Funny things turn up. I discovered that I can’t take Gatorade for more than a day (it makes me throw up), but I also discovered that my preferred breakfast is either spaghetti bolognese or chicken with rice (gross, but effective). Gu, Powerbars, Nuuns and Saltstick caps work for me. Perpetuem and Endurolytes don’t, although other racers swear by them. Go figure.
Conditioning is important, but I’ve found that the cardio element is less important than muscle tone and core strength. Backpacks only weigh 22 to 25 pounds at the start, but moving quickly with the extra weight puts stress on your lower back and legs. With the exception of the elite racers, competitors aren’t moving quickly. I finished 42nd out of 116 finishers, with another 31 DNF’ing, so I was in the middle of the pack, but my time on course of 45 hours works out to 5.5K per hour (about 3.4 mph). There’s rough terrain in there, as well as cool-down intervals in hot weather, but even so I’m not averaging more than 7K or 8K, or 4 to 5 miles, an hour on open terrain. That’s slow, but difficult to maintain over six days.
Getting enough calories down to avoid falling too far behind is a challenge. There’s no way to consume enough to actually keep up—I’m probably burning 6,000 calories a day during a race—but it’s important to eat as much as practical. I’m a pig by RTP standards, eating 2,800 calories a day, but other racers get along on as little as 2,000. I hate being hungry, and had problems with bonking in the 2010 Australia race, so my strategy this year was to put down as much food as possible. It worked, to the fascinated disgust of some of my tent mates who were forced to watch me eat.

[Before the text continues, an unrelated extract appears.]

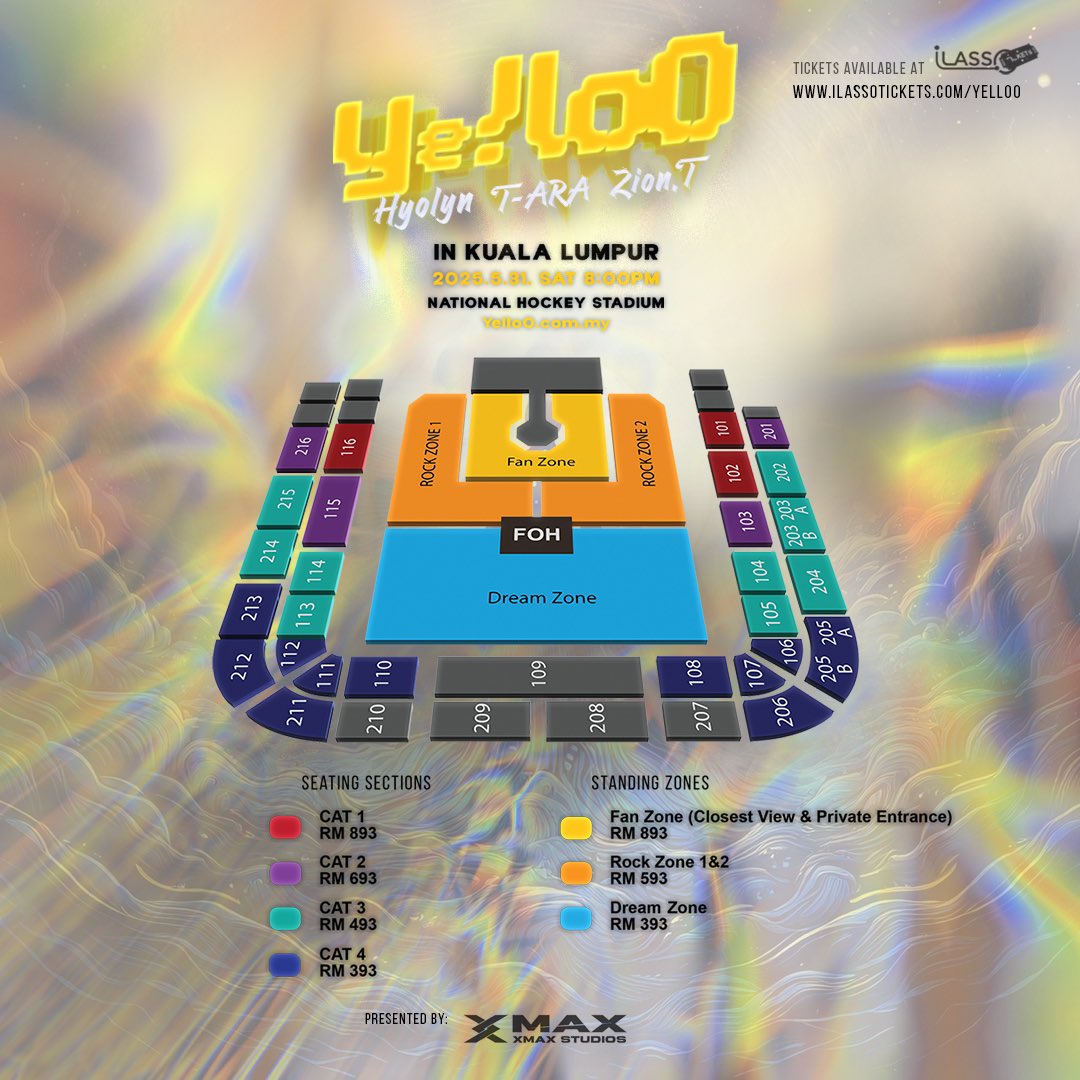 We're finally going to meet our fans! Come and have fun with us at the Yalloo concert in Kuala Lumpur on May 31st 👋🏻💛💛👋🏻💛💛 
#yalloo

Long Day misery notwithstanding, RTP races are a lot of fun. Deserts are beautiful places, with far more color and variety than one might imagine. The Gobi 2011 course took us through high country, river canyons, sand dunes and open desert. It is remarkable terrain, the more so because we pass through places that few people ever see. Part of the course that we ran in Namibia was turned into a national trail after the race. In the Gobi, we passed through Uyghur villages that have rarely seen foreigners, let alone Western endurance runners. These are places that the modern world has not changed yet.
Running dunes, as we did this year, is cool. Open desert sand is beautiful, elemental and weird. The wind uncovers long, curved rims of dried mud flats that look like the spines of gigantic skeletons. When the wind lets up, there’s utter silence—no birds, no movement, nothing. Plodding up dunes is hard, but running down is fun, like surfing or skiing. Neglecting to bring gators this year left me running the dune stage in sock feet. I felt like I was at the beach, only without the water.

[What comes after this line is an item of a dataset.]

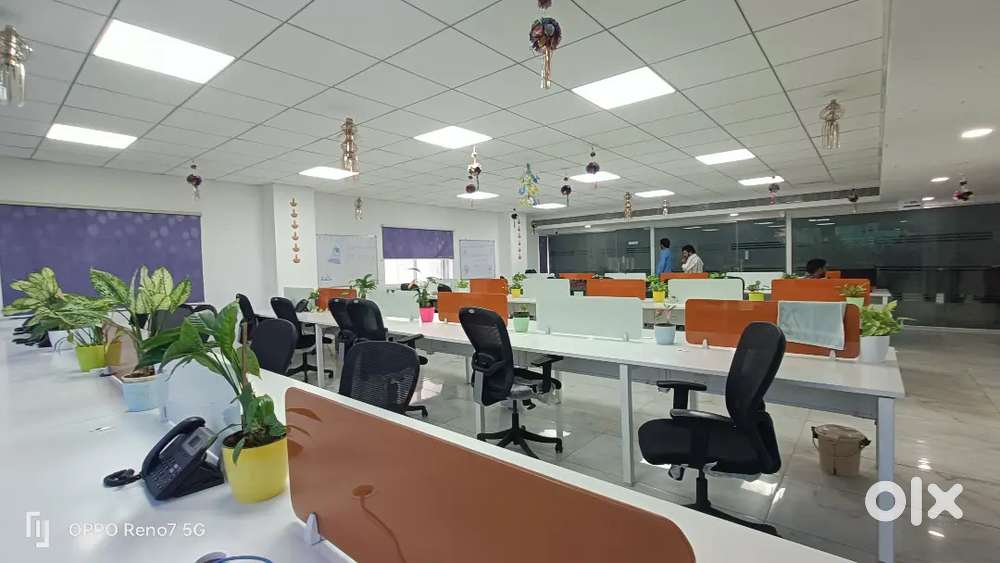 100 Workstations 5 Cabins 1 Conference plug and play office for Rent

With four races behind me, I can say that each event has been memorable and worthwhile. Would I do it again? Absolutely. I’ve met fascinating, wonderful people and formed lasting friendships. Besides, how often do you get the chance to run across the Namibian desert at 3 a.m. with a full moon in the sky and no one else around?
You don’t forget those moments.
Great write up, thank you Sarah. See you in another desert soon Joe.